After a week of scattered showers, no one was more on edge than Cal track and field head coach Tony Sandoval.
“To be honest with you, early on we didn’t know what was going to happen,” Sandoval said. “The weather forecast, you know — you didn’t know what was going to end up happening. … There was a time, twice in the early portion, where we had some hail, and I’m going ‘What are we going to do here?’ ”
Fortunately for the Bears, the only thing raining at the annual California Outdoor Opener was Cal’s 16 first-place finishes. The Bears dominated throughout the meet, with the women sweeping both UC Davis and Cal Poly San Luis Obispo and the men knocking off the Mustangs.
“It was cold; it was windy,” Sandoval said. “That puts a hamper on lot of the marks. What I did see is a lot of enthusiasm and some grit and some hard work.”
Both the men and women kicked off the meet by claiming first-place finishes in the hammer throw. To say the women just got “first,” however, is a vast undersell for freshman Camryn Rogers.
In her first hammer throw of the season, Rogers set yet another freshman record with a throw of 204 feet and 6 inches. Rogers’ first record came last week in the shot put at the MPSF Indoor Championships.
Rogers isn’t just a promising freshman for Cal — she’s already elite.
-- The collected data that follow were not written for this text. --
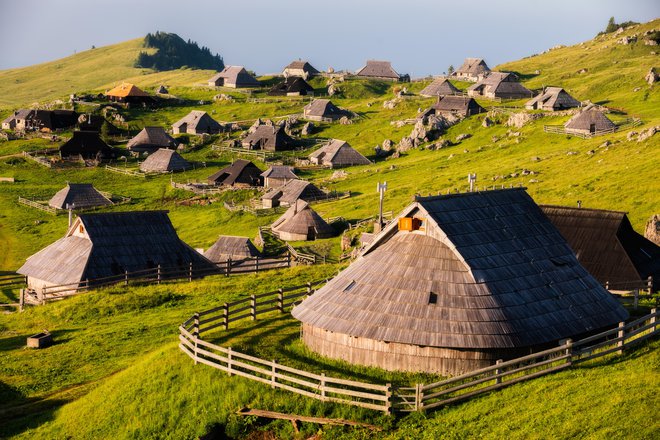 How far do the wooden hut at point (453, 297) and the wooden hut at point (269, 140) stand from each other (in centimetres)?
8774

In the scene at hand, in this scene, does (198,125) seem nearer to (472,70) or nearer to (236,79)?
(236,79)

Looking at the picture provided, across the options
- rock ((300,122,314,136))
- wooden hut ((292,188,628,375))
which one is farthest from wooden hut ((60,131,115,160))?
wooden hut ((292,188,628,375))

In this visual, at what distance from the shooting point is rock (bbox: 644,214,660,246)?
53.5 meters

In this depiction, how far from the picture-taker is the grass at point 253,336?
25.0 metres

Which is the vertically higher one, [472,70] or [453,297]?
[472,70]

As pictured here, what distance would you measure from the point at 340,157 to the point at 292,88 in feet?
172

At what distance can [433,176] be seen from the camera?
290 ft

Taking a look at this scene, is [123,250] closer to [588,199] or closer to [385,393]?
[385,393]

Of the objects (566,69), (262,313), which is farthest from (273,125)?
(262,313)

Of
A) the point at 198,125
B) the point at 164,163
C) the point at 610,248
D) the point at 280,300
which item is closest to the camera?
the point at 280,300

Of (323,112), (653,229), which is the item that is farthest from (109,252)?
(323,112)

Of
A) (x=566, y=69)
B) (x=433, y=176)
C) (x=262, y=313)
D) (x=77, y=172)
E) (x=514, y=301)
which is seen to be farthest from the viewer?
(x=566, y=69)

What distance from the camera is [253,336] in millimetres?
33938

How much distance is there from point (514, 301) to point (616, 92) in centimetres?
9510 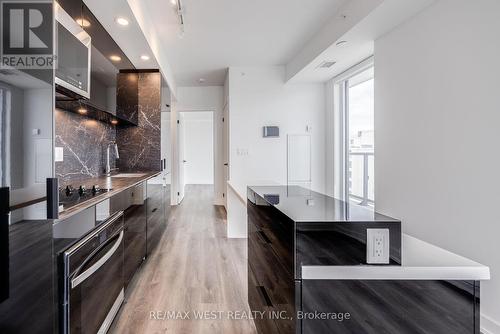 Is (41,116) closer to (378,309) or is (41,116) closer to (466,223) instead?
(378,309)

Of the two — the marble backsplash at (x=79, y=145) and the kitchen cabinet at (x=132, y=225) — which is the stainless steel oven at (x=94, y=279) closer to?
the kitchen cabinet at (x=132, y=225)

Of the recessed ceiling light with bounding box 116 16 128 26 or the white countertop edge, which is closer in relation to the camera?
the white countertop edge

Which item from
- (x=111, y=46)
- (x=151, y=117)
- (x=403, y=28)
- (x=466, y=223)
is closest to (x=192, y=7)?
(x=111, y=46)

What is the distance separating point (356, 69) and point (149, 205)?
327cm

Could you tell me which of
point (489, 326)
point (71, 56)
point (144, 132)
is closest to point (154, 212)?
point (144, 132)

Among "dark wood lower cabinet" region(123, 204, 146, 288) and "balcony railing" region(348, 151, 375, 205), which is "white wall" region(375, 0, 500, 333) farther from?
"dark wood lower cabinet" region(123, 204, 146, 288)

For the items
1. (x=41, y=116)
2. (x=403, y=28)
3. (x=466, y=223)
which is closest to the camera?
(x=41, y=116)

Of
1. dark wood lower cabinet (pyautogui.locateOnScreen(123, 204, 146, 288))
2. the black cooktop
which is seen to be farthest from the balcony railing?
the black cooktop

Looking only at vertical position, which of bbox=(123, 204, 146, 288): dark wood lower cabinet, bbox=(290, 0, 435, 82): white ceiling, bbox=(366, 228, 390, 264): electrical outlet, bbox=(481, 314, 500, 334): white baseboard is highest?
bbox=(290, 0, 435, 82): white ceiling

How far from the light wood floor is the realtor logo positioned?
175cm

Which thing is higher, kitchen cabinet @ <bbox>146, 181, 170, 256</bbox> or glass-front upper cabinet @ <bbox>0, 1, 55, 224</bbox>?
glass-front upper cabinet @ <bbox>0, 1, 55, 224</bbox>

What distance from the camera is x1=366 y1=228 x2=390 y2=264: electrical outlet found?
946 millimetres

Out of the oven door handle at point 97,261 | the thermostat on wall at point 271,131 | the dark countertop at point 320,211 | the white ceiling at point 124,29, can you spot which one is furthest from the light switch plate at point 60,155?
the thermostat on wall at point 271,131

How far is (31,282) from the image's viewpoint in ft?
3.26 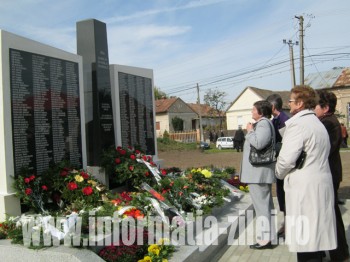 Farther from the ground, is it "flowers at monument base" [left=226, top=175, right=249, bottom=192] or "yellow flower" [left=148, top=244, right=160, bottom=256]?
"flowers at monument base" [left=226, top=175, right=249, bottom=192]

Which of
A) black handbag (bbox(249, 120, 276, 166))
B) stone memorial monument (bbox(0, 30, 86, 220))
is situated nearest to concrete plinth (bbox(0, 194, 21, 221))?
stone memorial monument (bbox(0, 30, 86, 220))

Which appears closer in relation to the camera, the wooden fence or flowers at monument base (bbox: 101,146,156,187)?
flowers at monument base (bbox: 101,146,156,187)

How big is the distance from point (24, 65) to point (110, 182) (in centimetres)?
225

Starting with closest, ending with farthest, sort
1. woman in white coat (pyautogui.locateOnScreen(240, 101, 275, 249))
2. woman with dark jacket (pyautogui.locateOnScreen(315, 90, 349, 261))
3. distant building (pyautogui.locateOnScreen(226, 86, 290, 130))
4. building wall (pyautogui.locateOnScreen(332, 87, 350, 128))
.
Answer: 1. woman with dark jacket (pyautogui.locateOnScreen(315, 90, 349, 261))
2. woman in white coat (pyautogui.locateOnScreen(240, 101, 275, 249))
3. building wall (pyautogui.locateOnScreen(332, 87, 350, 128))
4. distant building (pyautogui.locateOnScreen(226, 86, 290, 130))

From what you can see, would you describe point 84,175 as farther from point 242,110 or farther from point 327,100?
point 242,110

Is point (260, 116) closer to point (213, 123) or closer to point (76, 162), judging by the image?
point (76, 162)

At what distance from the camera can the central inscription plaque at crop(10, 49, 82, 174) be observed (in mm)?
4637

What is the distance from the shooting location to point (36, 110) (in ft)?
16.0

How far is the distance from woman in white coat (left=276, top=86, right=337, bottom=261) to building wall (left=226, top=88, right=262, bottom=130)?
43.4 meters

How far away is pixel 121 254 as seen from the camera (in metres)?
3.44

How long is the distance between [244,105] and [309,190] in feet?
147

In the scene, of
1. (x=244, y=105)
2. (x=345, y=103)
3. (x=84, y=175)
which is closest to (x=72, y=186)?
(x=84, y=175)

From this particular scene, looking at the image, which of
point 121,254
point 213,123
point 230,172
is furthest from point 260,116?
point 213,123

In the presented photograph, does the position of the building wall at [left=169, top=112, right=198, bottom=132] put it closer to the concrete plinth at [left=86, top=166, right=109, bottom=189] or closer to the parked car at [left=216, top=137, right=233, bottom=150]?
the parked car at [left=216, top=137, right=233, bottom=150] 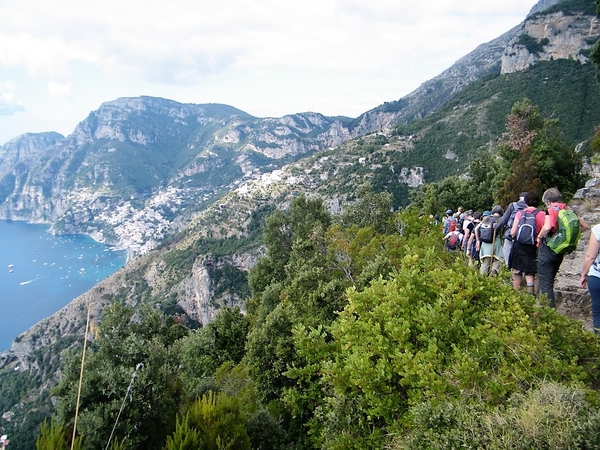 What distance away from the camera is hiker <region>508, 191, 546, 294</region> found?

Coming off a laundry list of impressive showings on the international stage before her time as a Bear, Rogers is in line to have a very successful career at Cal, and she’s wasting no time doing it.
Behind Rogers, the women swept the hammer throw and would go on to win every throwing event.
The women finished first and second place in every throwing event while claiming a clean one-through-three sweep in the hammer and discus. Cal’s men followed suit sweeping the discus and the shot, as well as taking first in the hammer.
Even with all these outstanding performances, Cal was missing five of its top performers because of next week’s NCAA Indoor Championships. Seniors Bethan Knights and Ashtyn Davis, junior Lauren Martinez and sophomores Tuomas Kaukolahti and McKay Johnson, who will be representing Cal next week at Texas, missed the meet.
“You have five of our athletes that we don’t use because they’re going on to NCAAs, and so it makes a difference,” Sandoval said. “There were some events where we only had one person or two people here and there. Because (of) the weather, we also weren’t going to take risks on people who are on the edge physically.”
In addition to these five, many of the Bears’ top distance runners received extra rest between the indoor and outdoor seasons and did not participate this weekend.
“Well those people, the distance kids, they ran pretty hard indoors. And this is a time, in March, to go back and rebuild in a sense. So some of those top people we didn’t compete,” Sandoval said.
With bad weather and a host of inactive athletes, it was the perfect storm for the Bears to fold Saturday, but Cal showed that it had the depth to still remain competitive.
“Well I don’t know — it was just one thing after another,” said Sandoval. “Just the fact that we were able to get the whole meet together and people competed well is a highlight for me.”
Cal has a long outdoor season ahead of them, and when they finally hit full strength, expect the storm to keep coming.